-- AVAILABLE DATA --
---*---

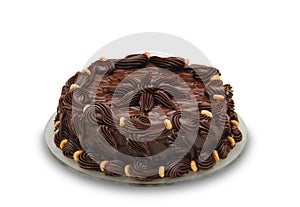 Dark chocolate cake. Well decorated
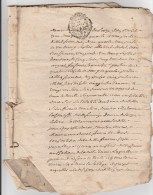 GENERALITE DE PARIS DOSSIER 3 TIMBRES HUMIDES FISCAUX 2 SOLS PETIT PAPIER DU 17/08/1775 - Algemene Zegels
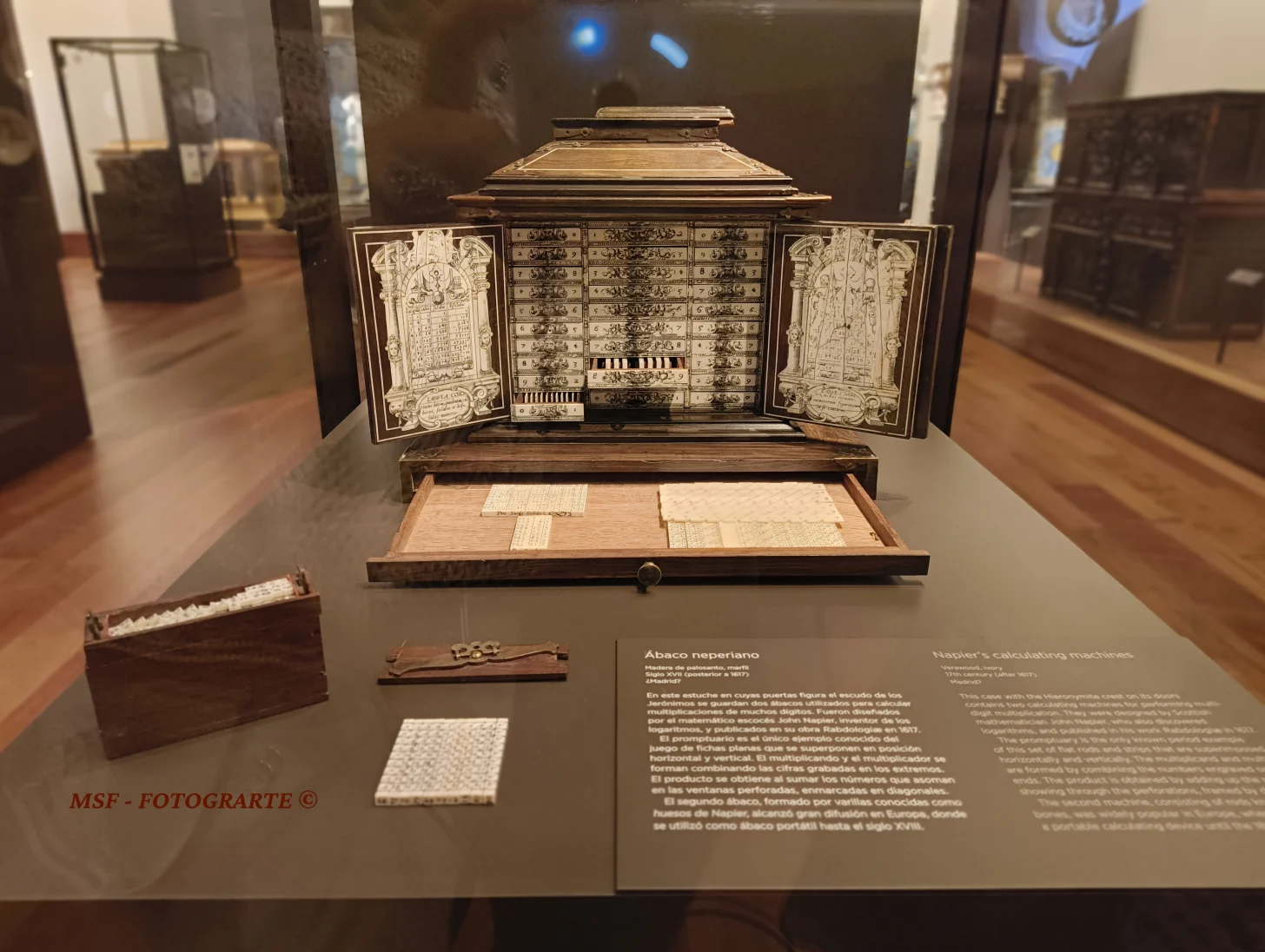 Ábaco neperiano (MAN, Madrid)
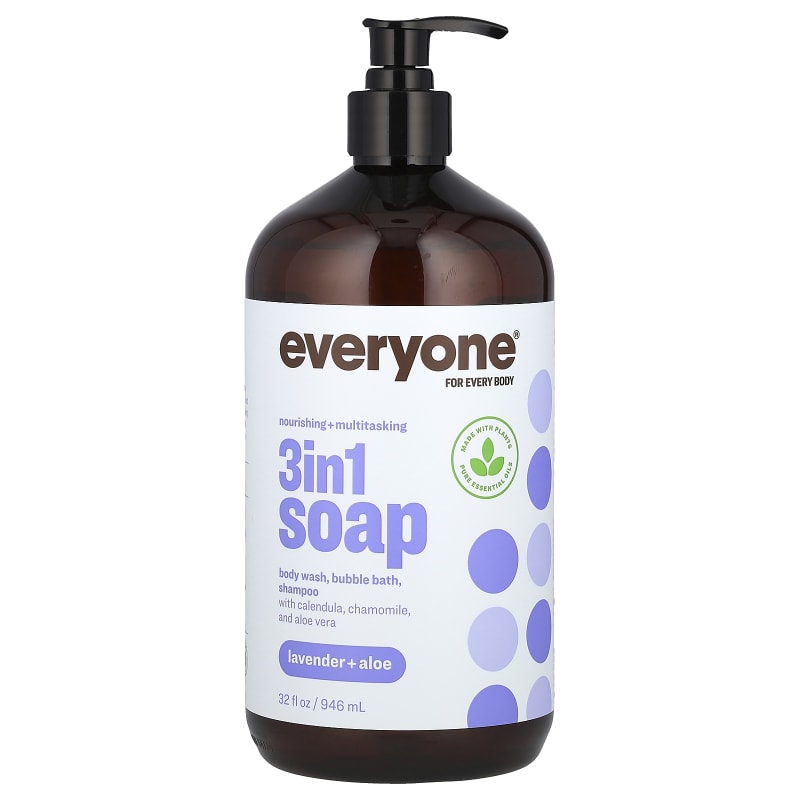 3 in 1 Soap, Lavender + Aloe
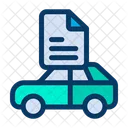 Document Car Papers Maintenance Icon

---*---

-- WHAT YOU WILL DO --
Because only the text is wanted, repeat all the entries exactly and leave out the pictures.

-- COMPLETED TASK --
 Dark chocolate cake. Well decorated
 GENERALITE DE PARIS DOSSIER 3 TIMBRES HUMIDES FISCAUX 2 SOLS PETIT PAPIER DU 17/08/1775 - Algemene Zegels
 Ábaco neperiano (MAN, Madrid)
 3 in 1 Soap, Lavender + Aloe
 Document Car Papers Maintenance Icon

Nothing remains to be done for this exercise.